Vous dénoncez ce comportement ambigu du transporteur-importateur et pourtant, c’est ce que la RD-Congo vit au quotidien dans le secteur maritime…
Evidemment, en RD-Congo, les importateurs/transporteurs veulent échapper à la redevance sur l’activité du transporteur en menaçant le point sensible du gouvernement qui est le social de la population. Cependant, le prix de revient de la marchandise ne change pas à cause des droits de trafic. S’il fallait faire des estimations en étalant les droits de trafic sur la marchandise concernée, il sera démontré que l’impact, à l’unité vendue sur le marché national, est insignifiant par rapport aux autres charges composant le prix de revient, dont le fret maritime n’est qu’un élément. Nous demandons ici aux membres de la FEC de consulter le rapport général des travaux de concertation du secteur public/secteur privé sur la structure de prix des denrées importées de première nécessité du 21 septembre 2013 -FEC/ANEP/Gouvernement- pour sen rendre compte.
 
Si les choses étaient telles que vous le dites, pourquoi la FEC serait-elle tentée de revoir les prix de marchandises à la hausse?

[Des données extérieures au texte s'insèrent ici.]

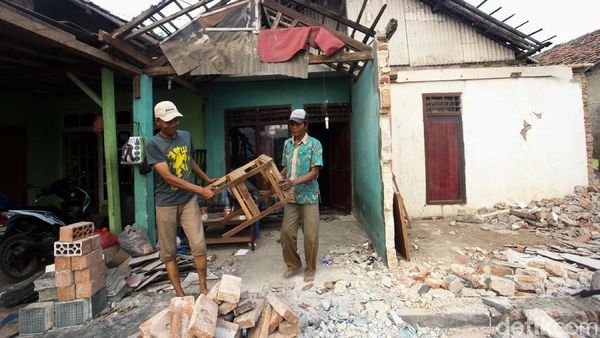 Potret Rawa Rengas yang Tergusur Proyek Runway 3 Bandara Soetta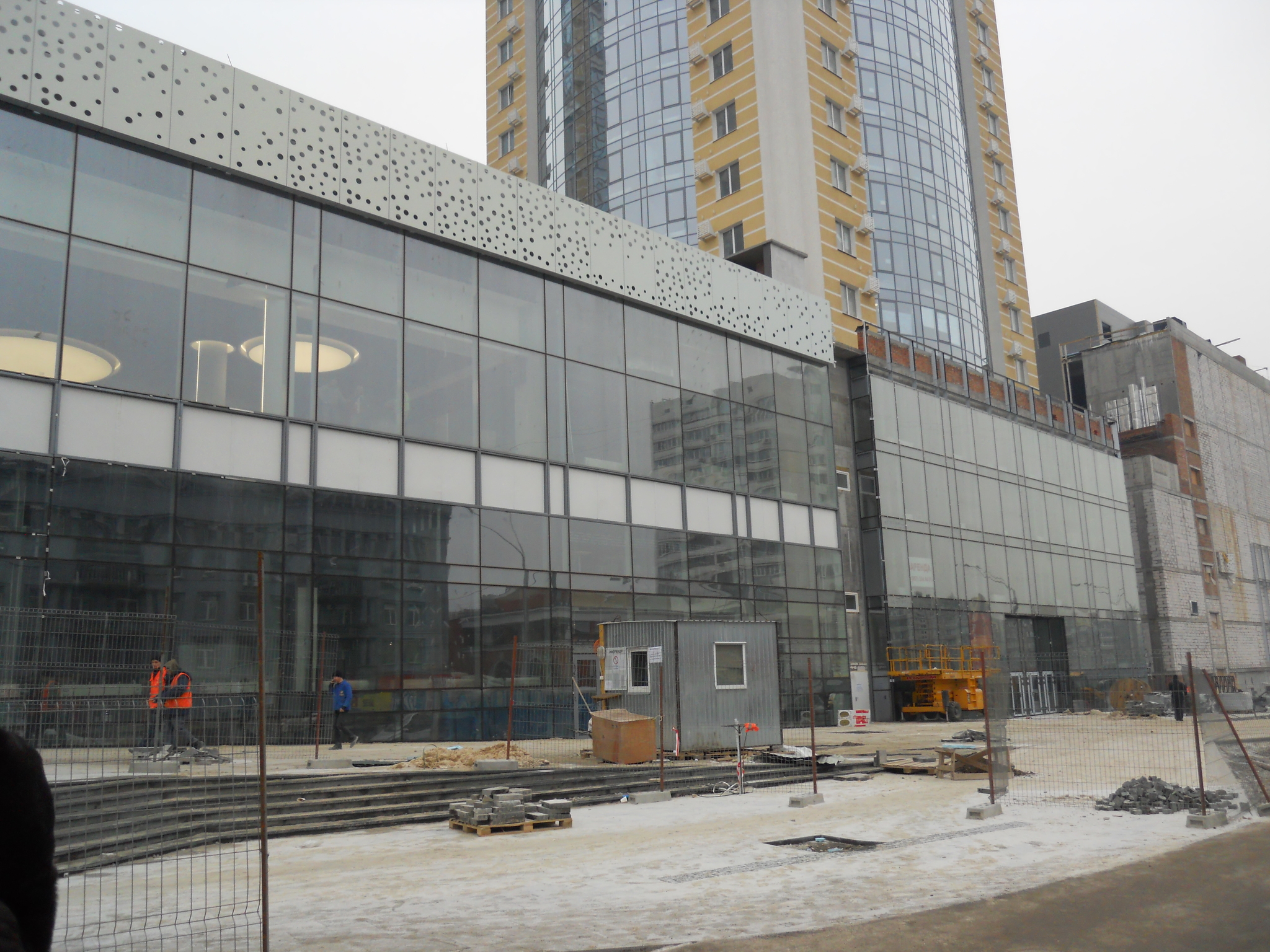 Оренда торговельного приміщення 110 м², Перемоги просп., 26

Nous disons que, comme les droits de trafic visent les recettes du transporteur, celui-ci incorpore cette redevance dans ses frais d’exportation, à l’instar d’autres frais liés à ladite exploitation. Cela en fonction du caractère de la ligne exploitée et des ports d’escale fréquentés. En général, aucun transporteur n’augmente le prix du transport de la marchandise frétée à cause des droits du trafic, mais en fonction de l’environnement, puisque cette charge s’applique uniquement sur ses bénéfices en devises hors du territoire RD-congolais.
 
Les pratiques que vous évoquez ici, sont-elles seulement propres à la RD-Congo ou bien sont-elles également applicables sous d’autres cieux? 
Sachez que dans d’autres pays africains, les mêmes transporteurs maritimes en cause payent les droits de trafic sans problème. Comme il est recommandé dans les différentes assises internationales, le transporteur maritime doit participer au développement du secteur maritime des pays où il escale, spécialement lorsqu’il s’agit d’un pays en développement. Sous d’autres cieux, les droits de trafic sont nommés «redevance armatoriale» ou «shipping royalty» ou encore «commission de développement du secteur maritime». Nous devons affirmer ici que c’est l’idée force de la Charte africaine des transporteurs maritimes de 2010 que les mêmes transporteurs tenteraient de violer en RD-Congo.
 
Un terrain d’entente sera-t-il trouvé entre le Gouvernement, les LMC ainsi que la FEC au sujet de l’arrêté ministériel mis en cause par cette dernière?
Nous disons que la FEC a adressé une lettre sans fondement le 19 décembre 2017 au Ministère de l’Economie qui vise l’augmentation du prix des prestations des auxiliaires maritimes -agent maritime, transitaire, déclarant en douane et autres- sous prétexte d’une augmentation des droits des trafics alors que les redevables sont les transporteurs et non les auxiliaires maritimes ni les clients. La position de la FEC est inacceptable et l’attitude du gouvernement doit être ferme et inchangée quant à l’application de l’arrêté mis en cause. Il n’y a pas de raison d’en sursoir l’exécution ou d’accorder une augmentation de tarif à des activités non redevables des droits de trafic. LA FEC tente d’entrer en rébellion contre la législation maritime en RD-Congo. Les droits de trafic n’ont jamais influencé le prix de marchandises, sauf abus de certains acteurs économiques qui, opérant à la fois dans plusieurs secteurs, usent du chantage social sur la population.